At this point in your project planning, you'll need to form (or have formed) your project team. You've clearly identified the project and its major deliverables so now you need the project team to begin contributing their ideas and expertise so the project gets off on the right foot. In Chapter 4 you learned about managing an IT project team and there's a lot of detail in that chapter that you might want to review. In this chapter, we discussed how to actually form the team.
You need to begin by defining your team requirements so you can be sure to include the right people with the right expertise at the right time in the right way. This is often best done without identifying specific people so you make sure you cover your project requirements before you get into specifics of people and personalities. Once you've identified these requirements, you can begin looking at specific people and identifying who you need and what constraints might have to be considered.

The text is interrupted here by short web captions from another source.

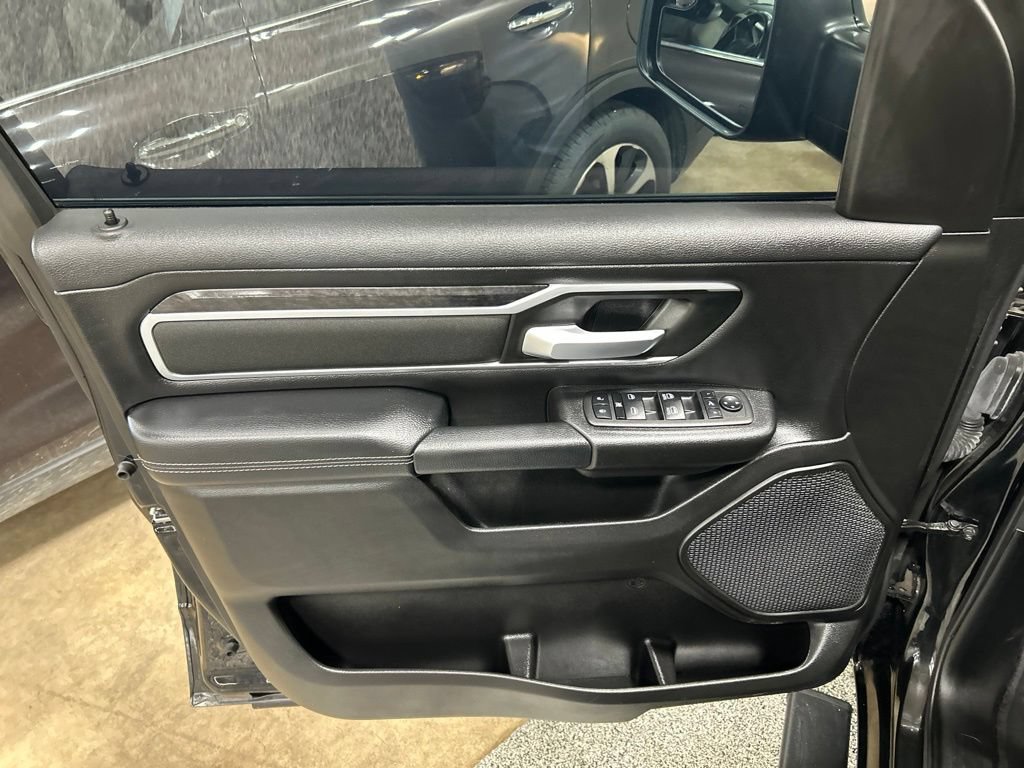 Used 2023 RAM 1500 Big Horn AWD/4WD image 14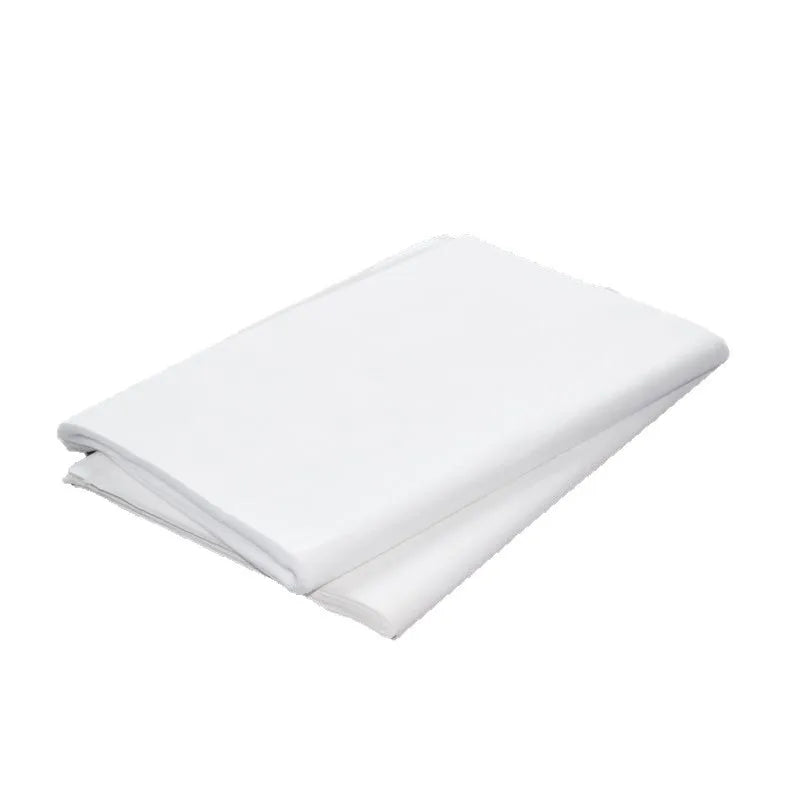 5-Star Hotel Disposable Pillowcase Non-woven Fabric Luxe Cover Soft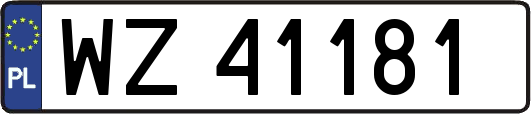 WZ41181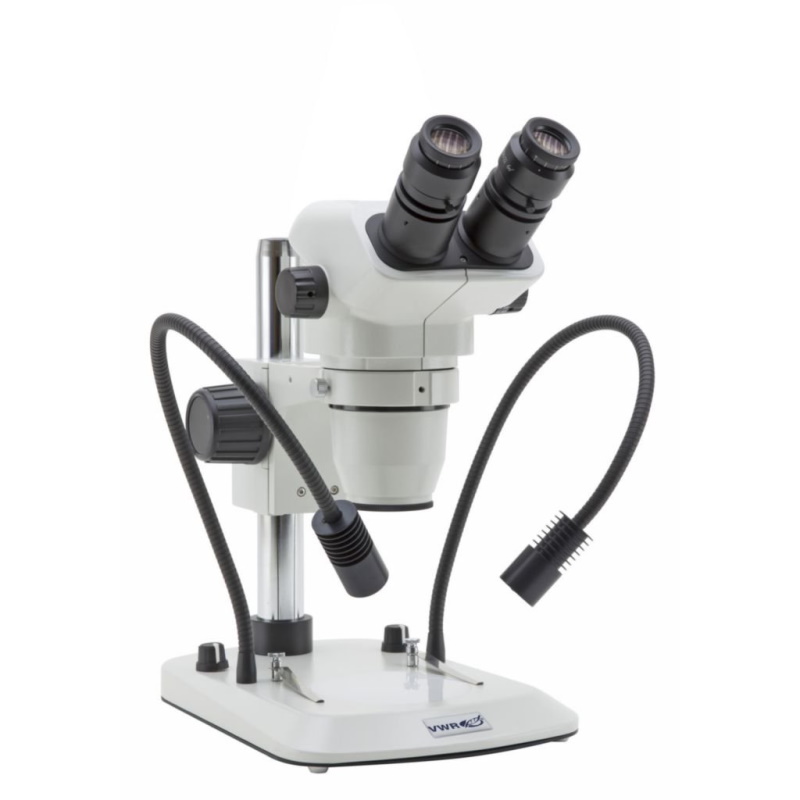 Mikroskopy stereoskopowe VWR VisiScope 360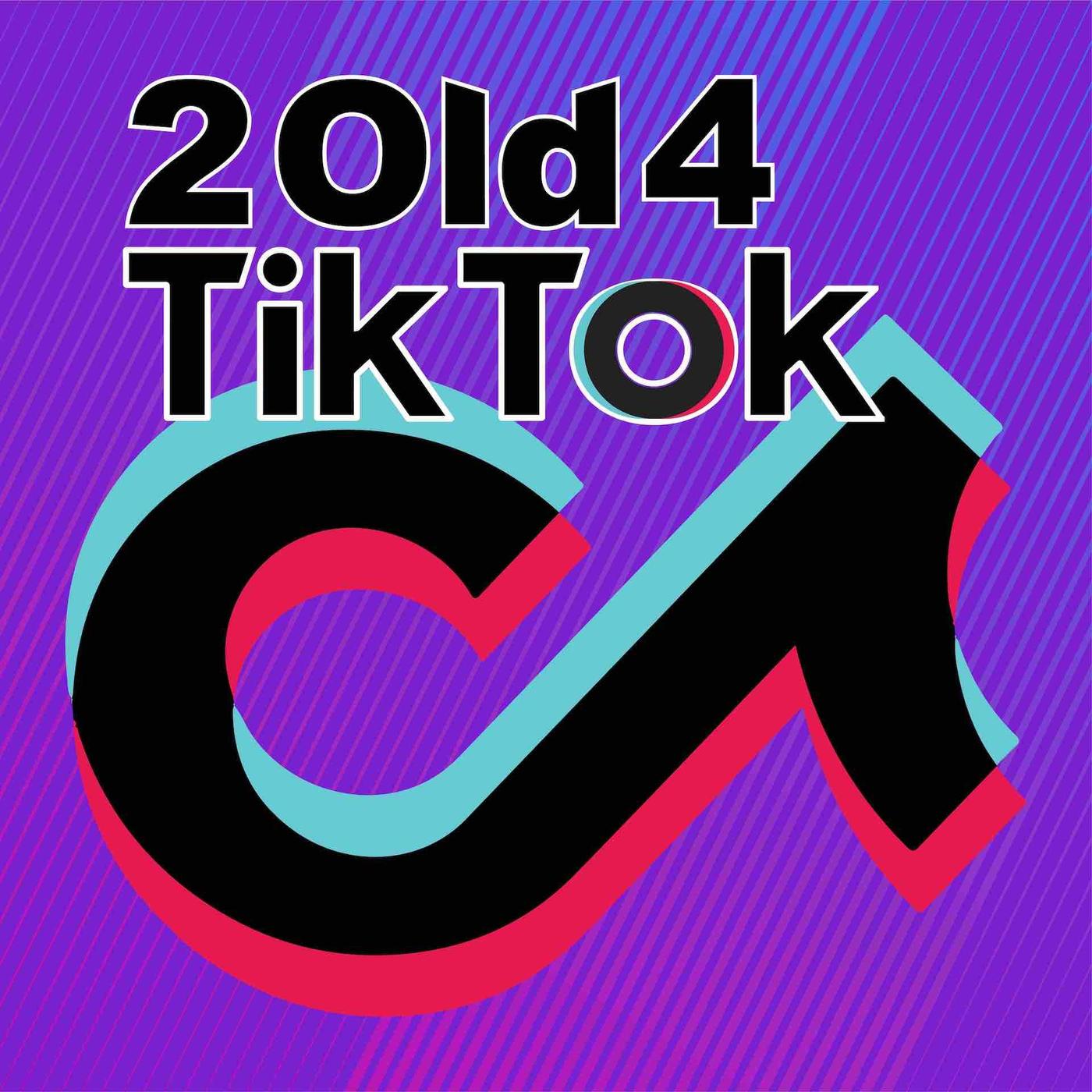 2 Old 4 TikTok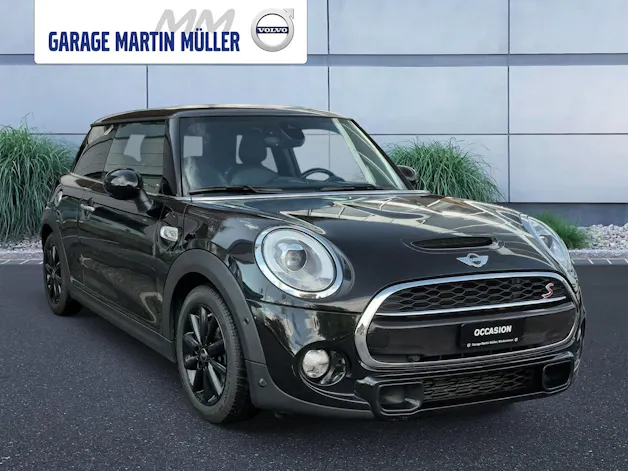 Mini Mini Cooper F56 2.0 SD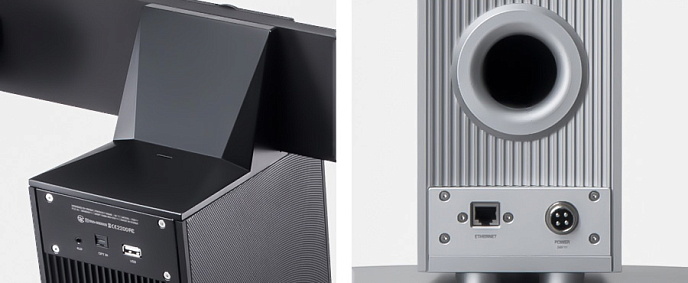 Аудиосистема Astell&Kern AK T1 Black - рис.14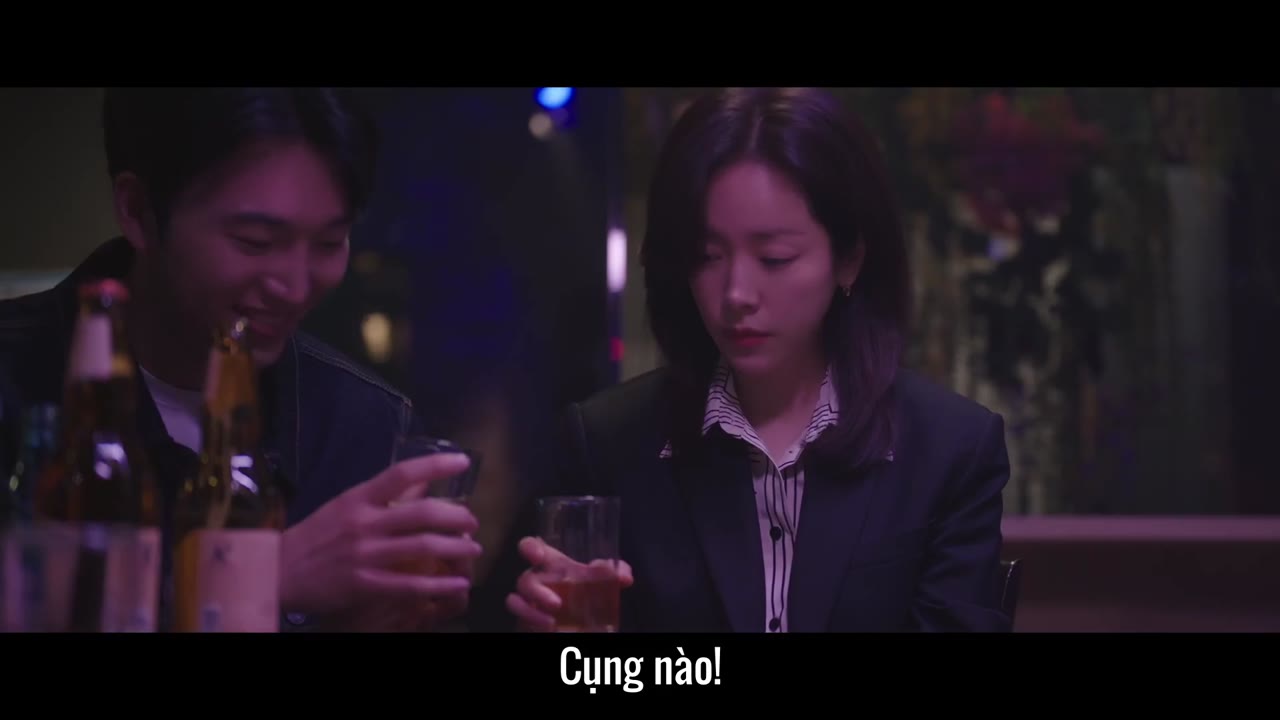 Chàng Thư Ký Hoàn Hảo tập 4 cảnh 3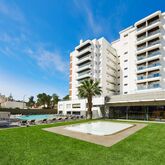 Alcazar Hotel and Spa Picture 0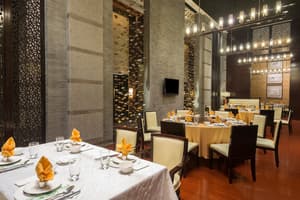 thumbnail: Restaurant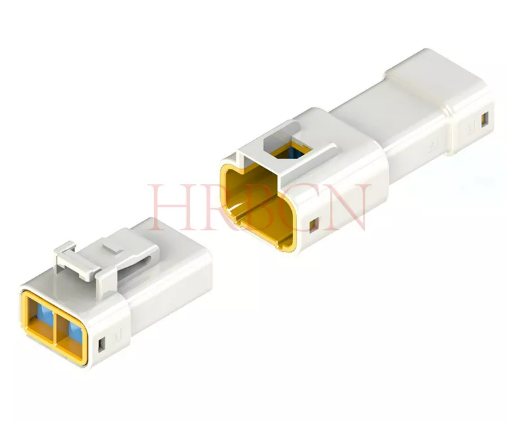 Cosa sono i connettori IP67?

Clearly defined roles and responsibilities are absolutely critical to project success because they help everyone know exactly what they should be doing. Sometimes it's helpful to define roles using the "is/is not" structure we discussed earlier in the book. Well-defined roles and responsibilities also help you hold team members individually accountable for results. Clear performance guidelines improve project sucsess and help make the performance evaluation process fair and consistent.
Sometimes it can be a challenge to actually get the needed staff assigned to your project. With some high profile, exciting, cutting-edge projects, it's relatively easy to get top-notch talent to volunteer or be assigned to the project. In other cases, it's more difficult. If at all possible, link participation in mundane projects to participation in the high profile projects to ensure that even the most boring, routine projects get their share of talented staff. Avoid accepting known troublemakers on the team by having an honest discussion with the project sponsor. A successful project starts with a strong project team and allowing a known disruptive influence on the team without at least pushing back will put your project at risk.
Once you've formed the team, you need to do a little work turning it from a group of individuals to a highly functional team. There are numerous ways to do this (review Chapter 4) and with a little creativity and effort, you can find ways to forge a team identity that will help propel the project toward success.